L’attenzione è puntata sul 21 febbraio, quando l’amministratore delegato di Tim, Luigi Gubitosi, presenterà il piano industriale della società. I primi contatti sulla rete unica con Open Fiber sono stati attivati ma ora scende in campo anche Cassa depositi e prestiti, azionista di entrambe le società. Cdp è a favore della rete unica delle telecomunicazioni, ha detto l’amministratore delegato della Cassa Fabrizio Palermo a margine dell’assemblea di Assiom Forex.
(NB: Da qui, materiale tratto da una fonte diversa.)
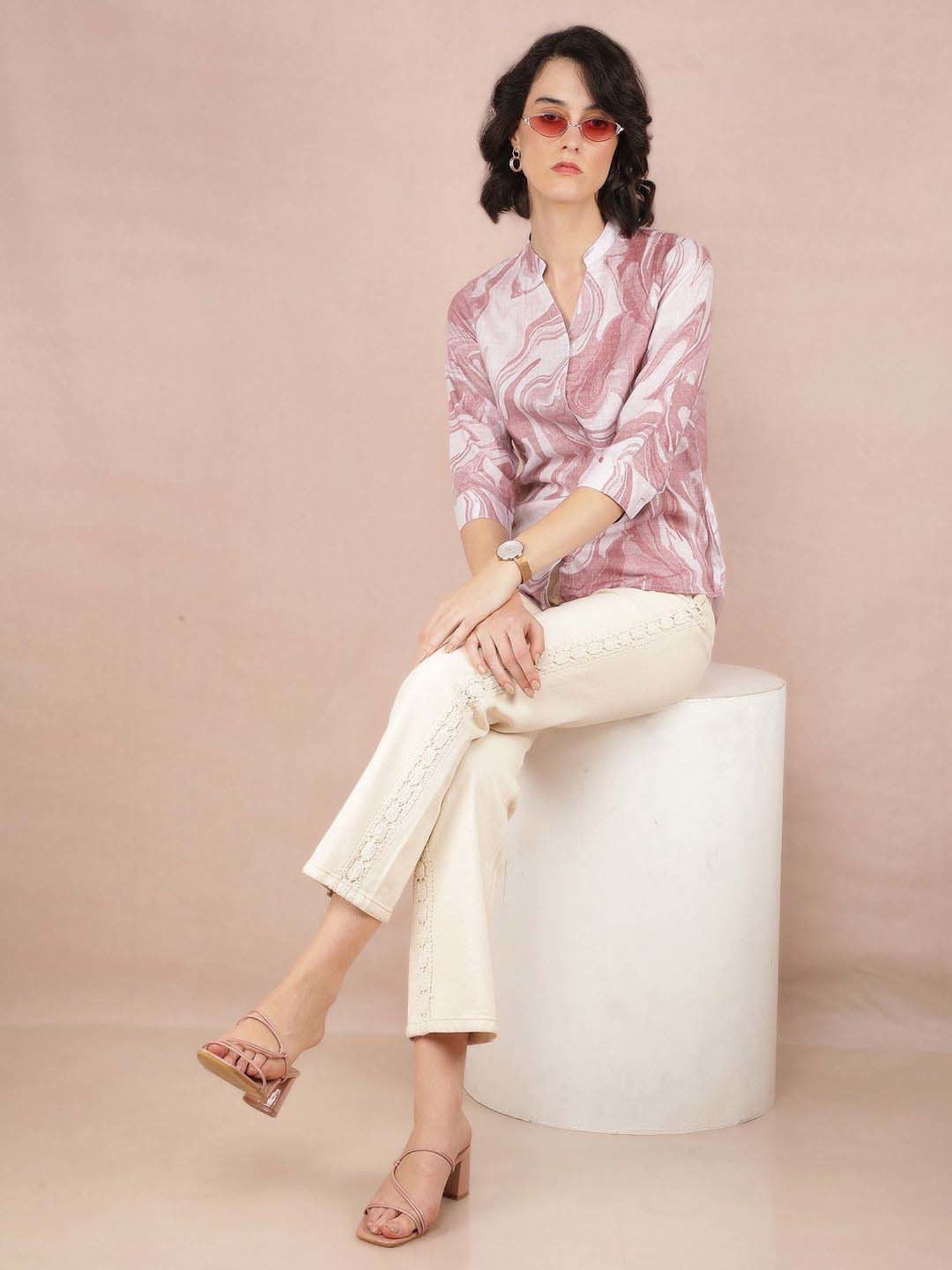 Crimsoune Club Pink Printed Shirt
Le norme per favorire l’integrazione della rete, contenute nel decreto fiscale che oramai sono diventate legge, hanno messo in movimento gli attori di questa partita strategica.
Il pressing di Cdp arriva allora proprio mentre Gubitosi è al lavoro sul piano e l’amministratore delegato di Enel, Francesco Starace, lo pungola affinché faccia chiarezza tra i propri soci, che al momento mostrano due visioni contrapposte sulle modalità e sugli obiettivi di scorporo dei propri asset. Cdp è di certo la società delle reti italiane. Da parte sua l’esecutivo sembra favorevole alla creazione di una rete telefonica fissa unica, che nascerebbe da una fusione tra le rete di Telecom Italia e Open Fiber. Nei giorni scorsi, Il fondo Usa, guidato da Paul Singer, ha fatto sapere come sia auspicabile convocare al più presto un tavolo sull’ipotesi di rete unica tra Tim e Open Fiber.
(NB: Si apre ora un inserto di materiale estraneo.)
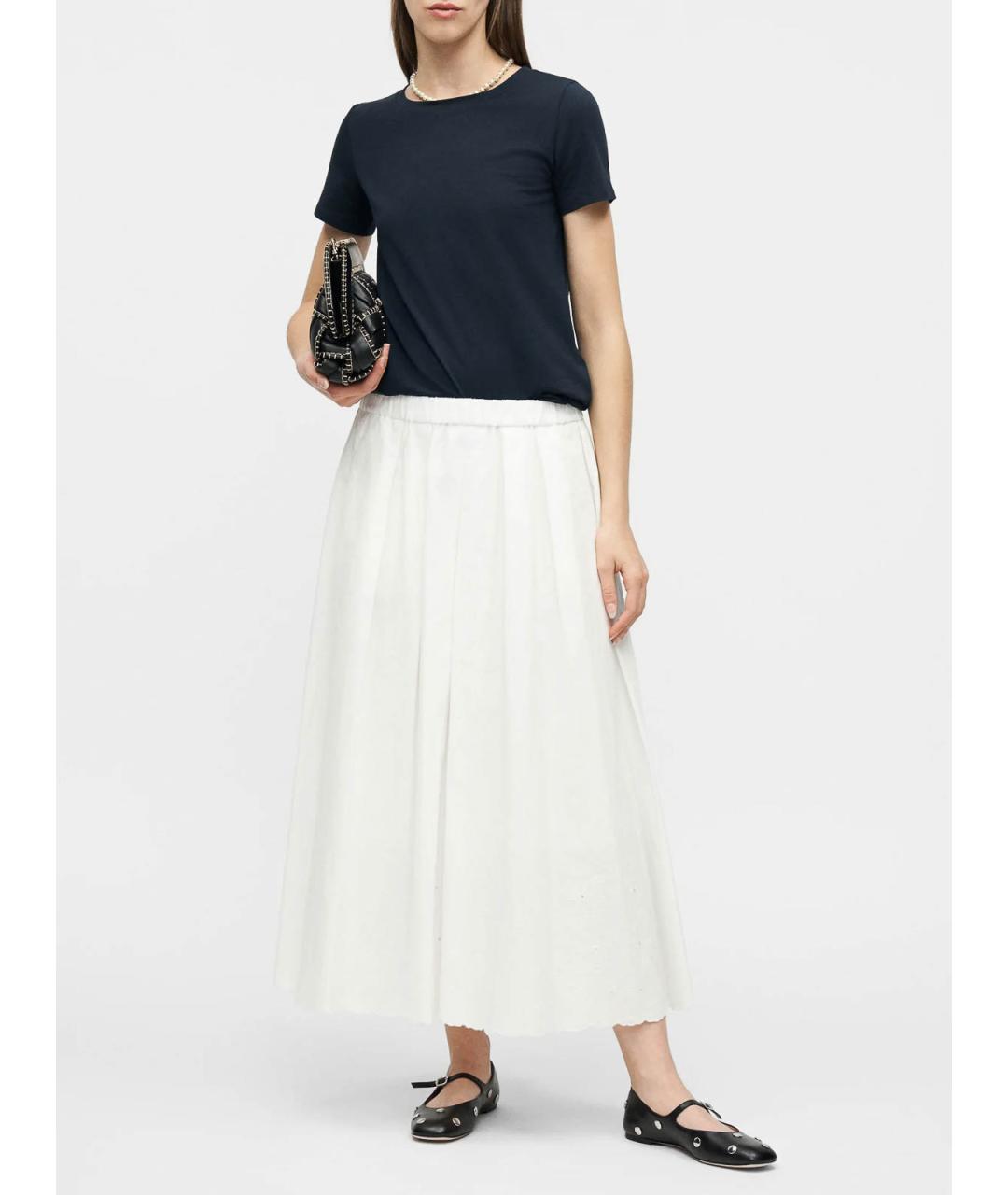 WEEKEND MAX MARA Белая хлопковая юбка миди, фото 3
E intanto è arrivato il via libera condizionato da parte dell’Agcom al piano di spegnimento, di 6.500 centrali su circa 10.400 di Telecom. Il piano di ammodernamento della rete in rame, presentato nel 2017 dall’allora amministratore delegato Flavio Cattaneo, comporterebbe un risparmio di svariate centinaia di milioni – dovrebbero essere circa 350 milioni di euro – tra costi minori per energia, manutenzione e real estate. Il disco verde dell’Autorità, che è arrivato nella delibera da 500 pagine sul mercato dell’accesso e la separazione della rete di Tim, è condizionato alla copertura alternativa in fibra che deve avvenire, per il Garante, 12 mesi prima dello spegnimento delle centrali in rame.
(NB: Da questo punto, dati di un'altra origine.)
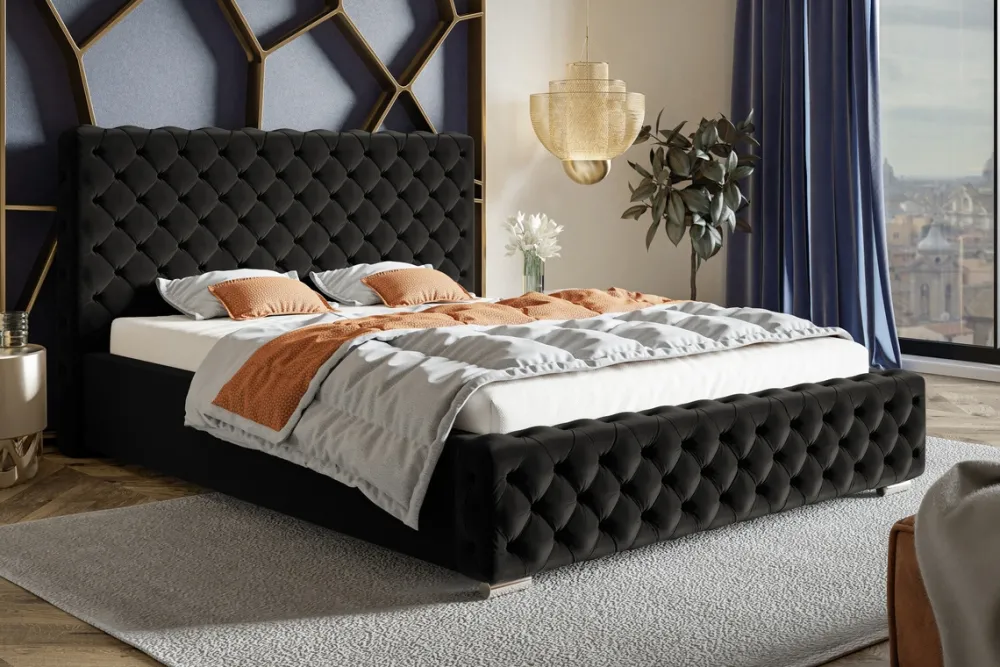 Łóżka Z Pojemnikiem|Łóżka Zielone>Riban Łóżko tapicerowane z pojemnikiem 200x200 cm QUINTE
E questo, soprattutto, allo scopo di non danneggiare eventuali operatori alternativi nelle centrali aperte ai servizi di unbundling. Sulla proposta è ora in corso una consultazione di mercato che dovrebbe concludersi a fine febbraio. Quanto ai tempi, secondo quanto già previsto in una delibera Agcom del 2015, nelle centrali che non sono aperte ai servizi di unbundling sono previsti tre anni di preavviso, nelle altre cinque anni.